Boxer: I'm thinking mucho drugeros. Or some of that really strong German beer.

pamokc said...

She was probably thinking it was that adorable Knut the Polar Bear all growed up. Who among us (now admit it), didn't want to cuddle that little guy? However, this lady was totally nuts. Bless her heart. (Now I'm gonna be back on saying that phrase!)

CHEF TROLL said...

Hello Moi,

Your latest post is very interesting. This was on the new news station too. What an idiot she was. The monster bit her on the butt. Wonder if they typically start there?

Doris Rose said...

Truly BSC, I think perhaps she was NOT taking her drugs. Now they'll have to decontaminate the bear's pool.How annoying.

Aunty Belle said...

SHe must be kin to that chimp lovin' woman...gick!

the Dread Pirate Rackham said...

turns out she was a depressed teacher - a common condition

http://www.telegraph.co.uk/news/worldnews/europe/germany/5148900/Teacher-who-survived-polar-bear-mauling-at-zoo-was-depressed-over-job.html

I gotta say, suicide by polar bear would be a pretty horrible way to go. Letting the bear finish her off would have set the zoo keepers at incredible risk, tempting though it may have been.

speaking of crazy animal lover people, I feel a post in me about dog lady. Don't let me forget.

moi said...

Pam: Between you and your daughter, I'm blessing everyone's heart these days!

Troll: Before I respond, is this the 2000 or the 2009 Troll Version I'm talking to? Gah, I'm so confuzzled . . .

Doris: "Decontaminate the bear's pool." Bwahahahahahaha! You get the Funny Comment of the Day Award!

Aunty: Those loon balloons do so run in packs, don't they.

Pirate: You know, if I were ever to do something so silly as to try and off myself?

1. Run up all credit cards at Bergdorf's.

2. Rush home with loot (about fifty pair of Louboutins and Oscar de la O dresses to match.)

3. Lock myself in room with loot.

4. Set CD player to Sinatra.

5. Pop open fifty bottles of Dom P.

6. Get sloppy drunk and try on all shoes and outfits, settling on the el perfecto combo.
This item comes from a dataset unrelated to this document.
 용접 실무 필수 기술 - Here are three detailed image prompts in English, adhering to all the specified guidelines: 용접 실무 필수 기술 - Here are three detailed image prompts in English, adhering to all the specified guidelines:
7. Fall over onto an errant pair of Louboutins in just the right way so that the 4" stiletto pierces my cerebral cortex and I die instantly, albeit fabulously.

Heff said...

Thin the herd, indeed !

fishy said...

I found the video of the polar bear snack woman very disturbing. On some level I know some horrid person filmed this event with an eye toward profiting. Sick.

the Dread Pirate Rackham said...

heh heh - that's a faaabulous way to go!